The leadership of both the public service and the government is also at a nadir. The APS is led by a political apparatchik, Phil Gaetjens, who operates as Scott Morrison’s personal fixer rather than the leader of the Australia’s premier public policy institution. The Coalition has, by widespread agreement, persistently acted to politicise the public service. This could partly be offset if the Prime Minister’s Office was a strong policy unit, but it’s the poorest we’ve seen in decades — worse than Tony Abbott’s or that of the last years of Howard.
Above all, Scott Morrison himself has deliberately crippled the public service by explicitly ordering it to abandon any goal of providing policy advice — in the “Morrison Doctrine” of the APS, it exists purely to carry out the wishes of the government. It is not the APS’ role to undertake planning, unless the government explicitly asks for such. All policy must be determined purely by politicians and their staffers.
The result is a government machine that — even before any ideological overlay of “small government” or “let the market decide” — lacks capacity to anticipate or think through even moderately complex policy challenges, has no motivation or incentive to do so, and is actively discouraged by its leadership from doing anything other than maximising partisan outcomes for the government.
How much of this would be remedied by a new PM or new government? A change of PM can do much: Malcolm Turnbull was interested in building a better, more effective and more competent public service — a task simply abandoned by his successor — and in innovation, digital transformation and, generally, good ideas in the public sector. He returned the sacked treasury secretary Martin Parkinson to head PM&C.
At the same time, outsourcing, driven by strong fiscal discipline, continued on his watch, eating away at the entrails of the APS. That damage has accelerated under Morrison, and will take a decade to repair, if anyone is interested in the task. The skewing of public policy by the growth of political staffers is also unlikely to change any time soon.

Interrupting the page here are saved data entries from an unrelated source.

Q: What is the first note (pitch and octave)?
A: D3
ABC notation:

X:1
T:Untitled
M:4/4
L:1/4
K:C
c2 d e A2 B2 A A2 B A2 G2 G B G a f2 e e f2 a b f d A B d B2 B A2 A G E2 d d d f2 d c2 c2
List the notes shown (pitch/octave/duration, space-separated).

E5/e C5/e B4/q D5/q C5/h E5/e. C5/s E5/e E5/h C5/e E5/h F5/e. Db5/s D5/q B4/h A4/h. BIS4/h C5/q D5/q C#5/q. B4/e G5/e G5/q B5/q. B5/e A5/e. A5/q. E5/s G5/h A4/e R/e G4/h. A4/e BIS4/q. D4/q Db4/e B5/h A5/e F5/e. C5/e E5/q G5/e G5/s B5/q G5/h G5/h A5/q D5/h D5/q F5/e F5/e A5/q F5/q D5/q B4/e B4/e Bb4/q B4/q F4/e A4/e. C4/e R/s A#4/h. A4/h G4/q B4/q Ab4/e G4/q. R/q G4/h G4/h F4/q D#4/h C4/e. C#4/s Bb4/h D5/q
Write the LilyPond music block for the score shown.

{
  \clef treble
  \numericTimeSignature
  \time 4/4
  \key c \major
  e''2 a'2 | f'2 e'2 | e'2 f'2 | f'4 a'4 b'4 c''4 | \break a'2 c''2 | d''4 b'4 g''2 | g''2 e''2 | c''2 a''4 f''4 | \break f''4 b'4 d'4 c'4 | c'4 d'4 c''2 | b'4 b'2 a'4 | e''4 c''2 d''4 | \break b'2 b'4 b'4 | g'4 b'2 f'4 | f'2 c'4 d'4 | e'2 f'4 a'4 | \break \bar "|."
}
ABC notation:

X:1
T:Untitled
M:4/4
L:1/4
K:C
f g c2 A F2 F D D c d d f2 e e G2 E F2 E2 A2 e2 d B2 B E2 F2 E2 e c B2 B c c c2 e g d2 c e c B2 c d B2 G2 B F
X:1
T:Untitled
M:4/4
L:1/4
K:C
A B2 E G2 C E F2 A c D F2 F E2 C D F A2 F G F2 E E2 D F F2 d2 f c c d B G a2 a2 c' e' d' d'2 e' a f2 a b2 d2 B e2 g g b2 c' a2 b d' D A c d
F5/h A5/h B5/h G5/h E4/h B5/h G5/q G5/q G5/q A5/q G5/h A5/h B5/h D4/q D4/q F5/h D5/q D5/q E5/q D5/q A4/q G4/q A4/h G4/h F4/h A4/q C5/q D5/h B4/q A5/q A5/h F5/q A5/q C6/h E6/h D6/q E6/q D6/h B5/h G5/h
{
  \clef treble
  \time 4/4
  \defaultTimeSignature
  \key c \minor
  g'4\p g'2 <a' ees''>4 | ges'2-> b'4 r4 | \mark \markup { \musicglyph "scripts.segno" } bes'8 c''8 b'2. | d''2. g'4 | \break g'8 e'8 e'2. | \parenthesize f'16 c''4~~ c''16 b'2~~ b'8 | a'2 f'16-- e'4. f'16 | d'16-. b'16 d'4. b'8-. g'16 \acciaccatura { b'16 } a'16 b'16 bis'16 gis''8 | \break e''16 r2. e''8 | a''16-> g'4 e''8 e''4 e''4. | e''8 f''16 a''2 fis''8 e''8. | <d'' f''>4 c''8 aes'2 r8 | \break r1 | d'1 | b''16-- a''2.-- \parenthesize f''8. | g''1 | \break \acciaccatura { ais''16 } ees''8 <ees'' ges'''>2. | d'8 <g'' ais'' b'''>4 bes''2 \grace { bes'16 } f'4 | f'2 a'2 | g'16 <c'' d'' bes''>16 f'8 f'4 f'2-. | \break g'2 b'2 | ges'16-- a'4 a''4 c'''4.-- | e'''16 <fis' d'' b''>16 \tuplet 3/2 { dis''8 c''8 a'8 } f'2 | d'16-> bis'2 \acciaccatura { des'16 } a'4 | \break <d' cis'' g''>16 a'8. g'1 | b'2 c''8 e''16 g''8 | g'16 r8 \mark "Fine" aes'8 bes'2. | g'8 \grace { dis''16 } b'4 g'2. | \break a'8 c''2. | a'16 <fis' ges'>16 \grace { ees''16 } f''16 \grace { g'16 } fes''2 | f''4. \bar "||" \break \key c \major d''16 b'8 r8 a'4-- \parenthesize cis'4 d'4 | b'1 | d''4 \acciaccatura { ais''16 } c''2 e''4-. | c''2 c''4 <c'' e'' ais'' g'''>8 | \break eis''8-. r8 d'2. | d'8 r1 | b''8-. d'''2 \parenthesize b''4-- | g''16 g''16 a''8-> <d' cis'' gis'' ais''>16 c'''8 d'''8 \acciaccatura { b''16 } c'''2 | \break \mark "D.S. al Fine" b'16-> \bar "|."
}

There’s an example of what all this could mean in the long term. When Labor returned to power in 2007 and decided to take an activist approach to broadband infrastructure, it had to rebuild the Commonwealth’s communications infrastructure delivery capacity from the ground up, because that capacity had been corporatised, then privatised, under previous governments of both sides. The rebuilding delayed the NBN rollout and left it vulnerable to a change of government. The result more than a decade later is an unsatisfactory, wildly over-budget compromise infrastructure.
Once capacity and competence is lost, it can be very hard to get back.